**TASK BRIEF:**
Retype the whole listing below exactly, keeping every picture out of it.

**DATA PROVIDED:**

- - -

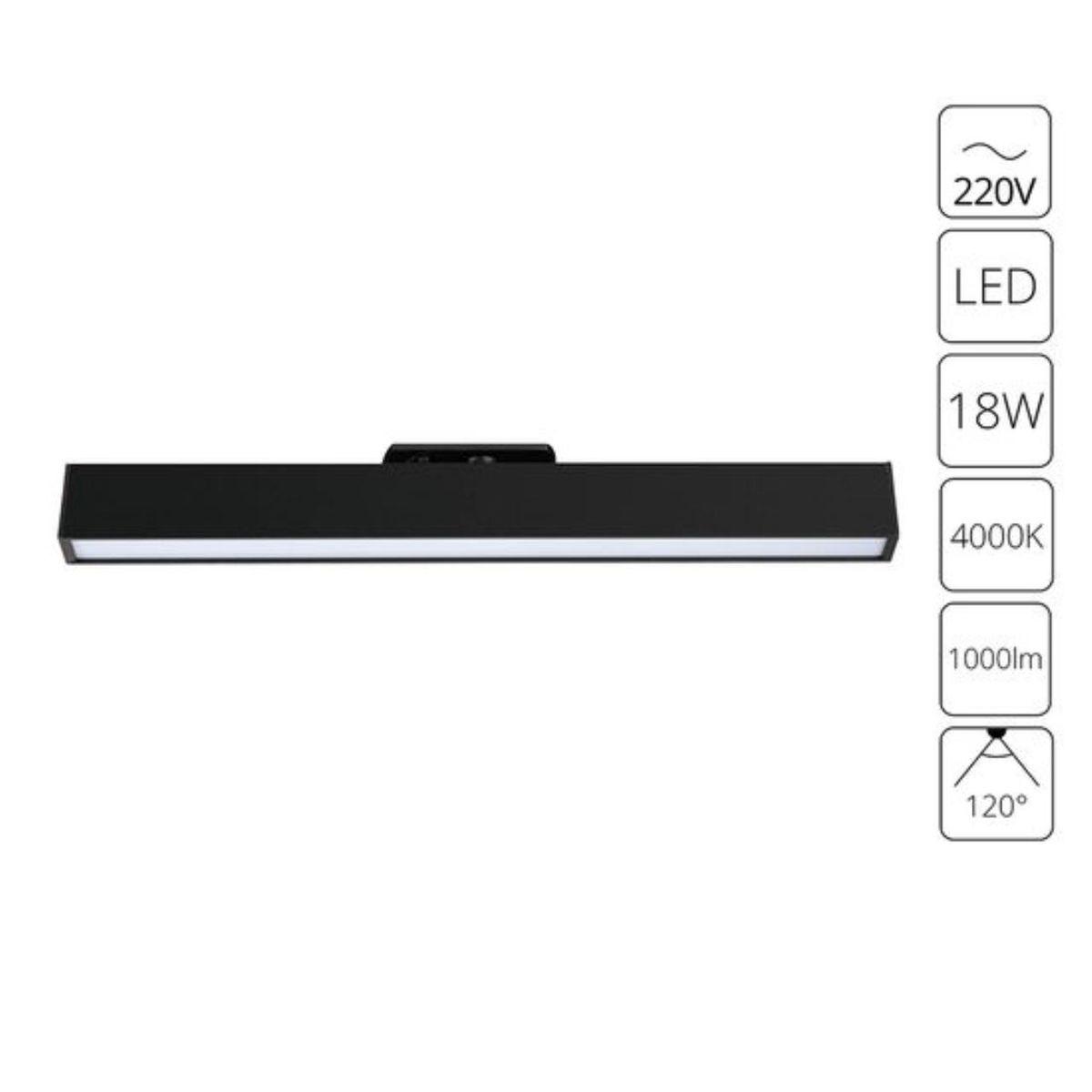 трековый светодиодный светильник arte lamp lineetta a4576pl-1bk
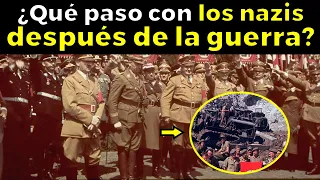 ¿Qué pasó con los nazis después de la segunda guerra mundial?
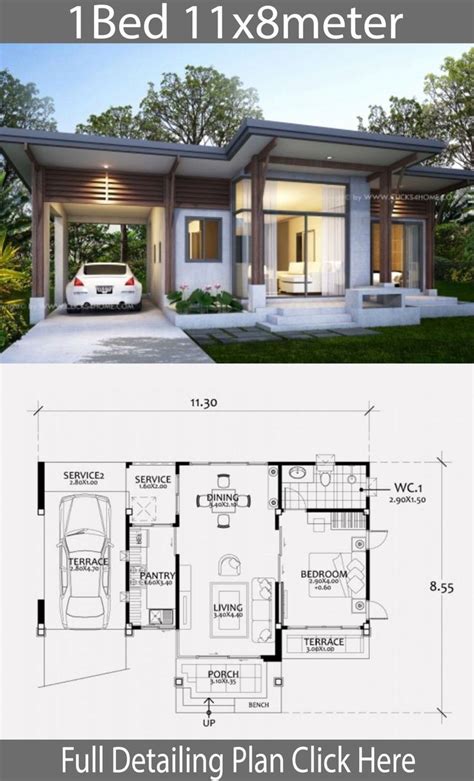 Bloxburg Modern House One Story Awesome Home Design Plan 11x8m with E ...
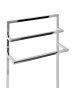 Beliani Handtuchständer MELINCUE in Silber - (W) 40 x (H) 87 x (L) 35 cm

- - -

**RESULT BELOW:**
 трековый светодиодный светильник arte lamp lineetta a4576pl-1bk
 ¿Qué pasó con los nazis después de la segunda guerra mundial?
 Bloxburg Modern House One Story Awesome Home Design Plan 11x8m with E ...
 Beliani Handtuchständer MELINCUE in Silber - (W) 40 x (H) 87 x (L) 35 cm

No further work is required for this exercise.